I try to learn sling shot shooting from videos, from articles, forums etc.

Yesterday I watched a video where Bill Hays holds long stick like a gun to teach that is almost the same when you are shooting with a slingshot. That was! This is absolutely true! It's exactly the same logic.

After some shots and experiments I managed to shoot a 4 X 4 cm target from 9 meters 7-9 times to 10!

Before this video I was keeping my head up and I was trying to find a place for anchor point and elevation. Now I use my slingshot like if it is a shotgun. The bands are the barels and using the corect for me "cast of/on" I have no problems to find the centre between right and left of the target. I managed to find the elevation by moving my head near the top band (I'm right eye dominated and I hold the slingshot with my left hand sideway).

I can't stop shooting after this. I can do it with all my slingshots (with some modifications)! It seems so easy after this and I need to share my feelings to SSF.

Now I understand why all of you keep talking about Bill Hays.

Thanks Bill.


----------



## Charles (Aug 26, 2010)

Bill is a great guy who really understands slingshots. And he is a wonderful shot as well. He is a true boon to the sport.

Glad to hear you have found a technique that works for you.

Cheers ... Charles


----------



## treefork (Feb 1, 2010)

Bill has inspired and influenced slingshots worldwide more than anybody. More people have learned to shoot as a result of his demonstrations.


----------



## Urban Fisher (Aug 13, 2014)

I have to agree. Bill has shown thousands of people what a slingshot can really do! There are many others to thank too, but Bill's videos, I think really opened the eyes for many that a slingshot is not a simple inaccurate toy. When aimed properly and with his very good instructions he has made many people (like myself) look at a simple slingshot with all new respect. Plus he is also very generous with his designs and sharing his templates. If we had a slingshot Hall of Fame...he would be in there for sure!!!


----------



## Tag (Jun 11, 2014)

the slingshot community owes a great deal to Bill and Daranda, along with the other vendors in this Forum. To sum it up, most businesses want to sell you a product, period. The vendors here not only sell you a product, but they also provide instructional videos to help you become proficient with your slingshot. At the 2014 MWST Bill and Nathan along with some others took the time out of their shooting to help others Improve theirs.
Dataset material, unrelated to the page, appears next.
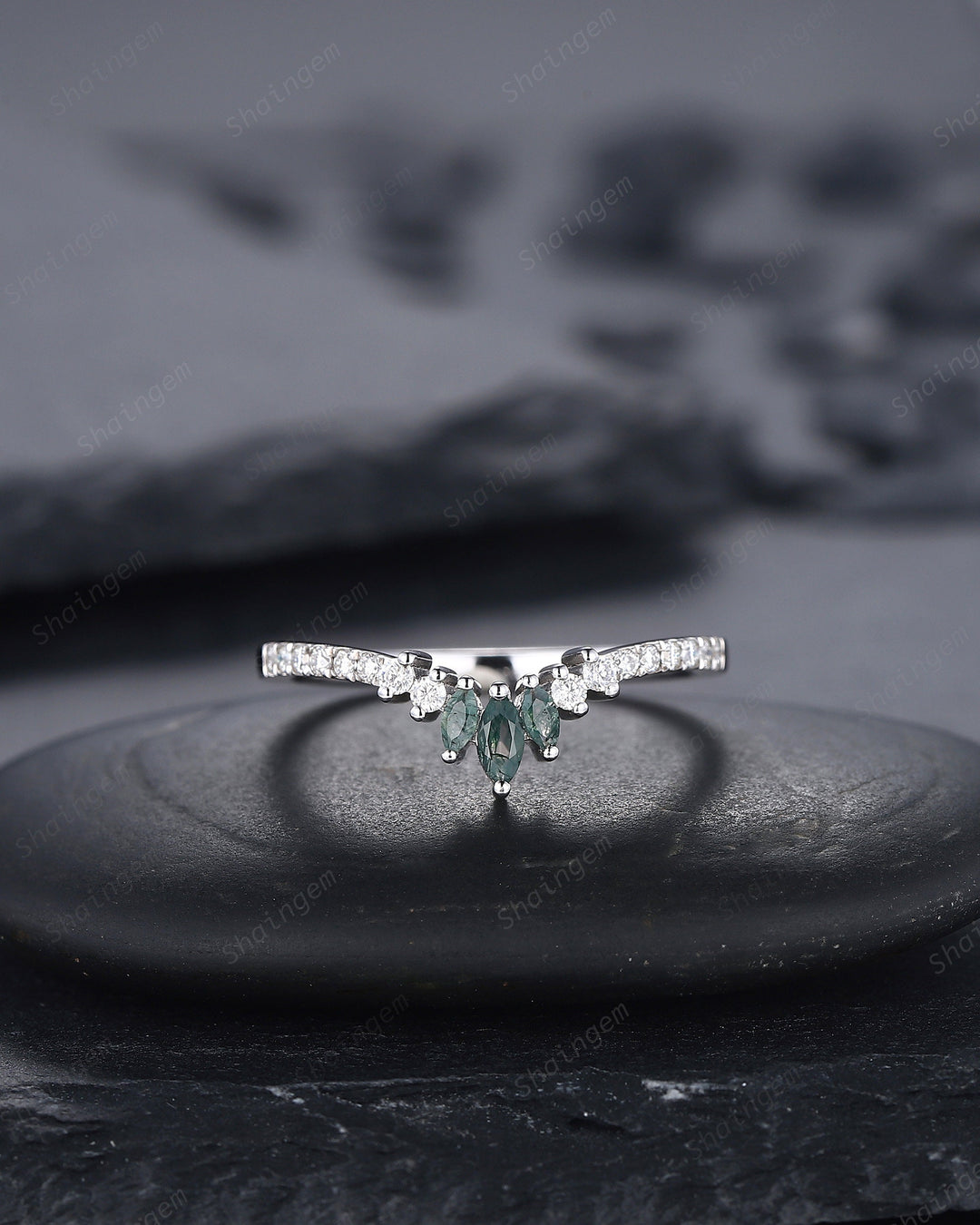 V Shaped Marquise Moss Agate Wedding Band, White Gold Moss Agate Engagement Band, Curved Matching Band, Stacking Anniversary Ring Enhancer - ShainJewelry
I hope all of you get a chance to attend either the ECST or the MWST and see for yourself how fortunate we are to have the participating vendors we do.


----------



## JediMike (Jan 1, 2015)

I found that particular video helpful too, tho in my case I'm still working on getting my shooting up to scratch. :target:


----------



## Gunnar (Dec 30, 2013)

bills videos actually have really helped me also


----------



## Bill Hays (Aug 9, 2010)

:blush: Okay Guys... that's enough!

You made me resort to an emoticon...

Seriously though, if I've seen a little further and done a touch more then credit is due to Bill "Tex" Herriman and to Neil Bingham more than anyone else.... I simply utilized and slightly modified Tex's instruction on shooting to fit my gun/rifle shooting style... because that's what I'm really good at... and a long time ago Neil Bingham from England had a video where he was shooting cans in his backyard, and it's like he never missed... So I knew it wasn't the slingshot that was the problem with accuracy it was how it was used.
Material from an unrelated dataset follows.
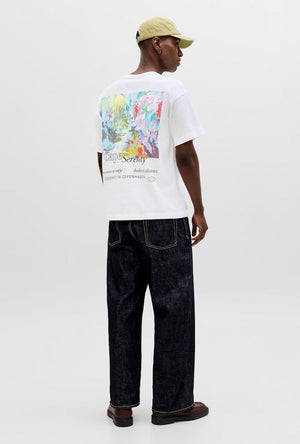 Back image of a model wearing the Montauk back graphic tee in white, by brand Jack&jones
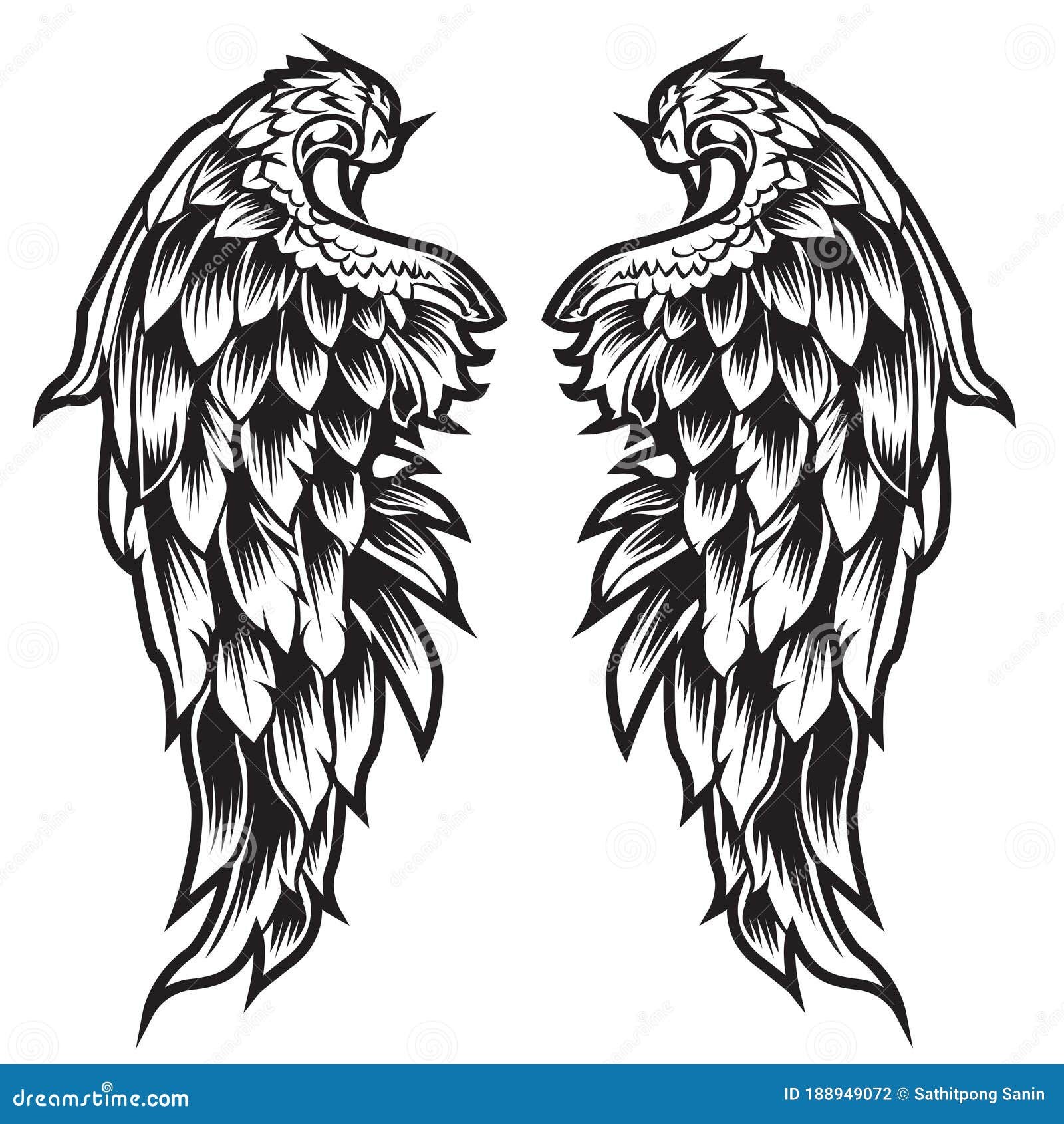 voorkoms Angel Wings Eagle Wings Bird Black And White Design Phoenix Wings   Tribal Effect Eye Wings tattoo menwomen Waterproof temporary tattoo for  all boys and girls pack of 4  Price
I spent a lot of time and effort to try and come up with a comprehensive approach to slingshot shooting that allows for more accuracy for more people than had previously been shown possible... but without knowing it was possible by watching and learning from Neil and Tex... I wouldn't have even tried in the first place!


----------



## BeMahoney (Jan 26, 2014)

Charles said:


> Bill is a great guy who really understands slingshots. And he is a wonderful shot as well. He is a true boon to the sport.Glad to hear you have found a technique that works for you.Cheers ... Charles


Eeexactly.

kind regards,

Be


----------



## Neo Catapults (May 28, 2014)

Bill Hays said:


> :blush: Okay Guys... that's enough!
> 
> You made me resort to an emoticon...
> 
> ...


Hi Bill.

It's always a guy that manage to concentrate all the stuff to a book or to a video including of course his knowledge and his personal experiences.

My opinion, after watching your videos and the designs of your slingshots, is that you are that guy for the slingshot shooting.


----------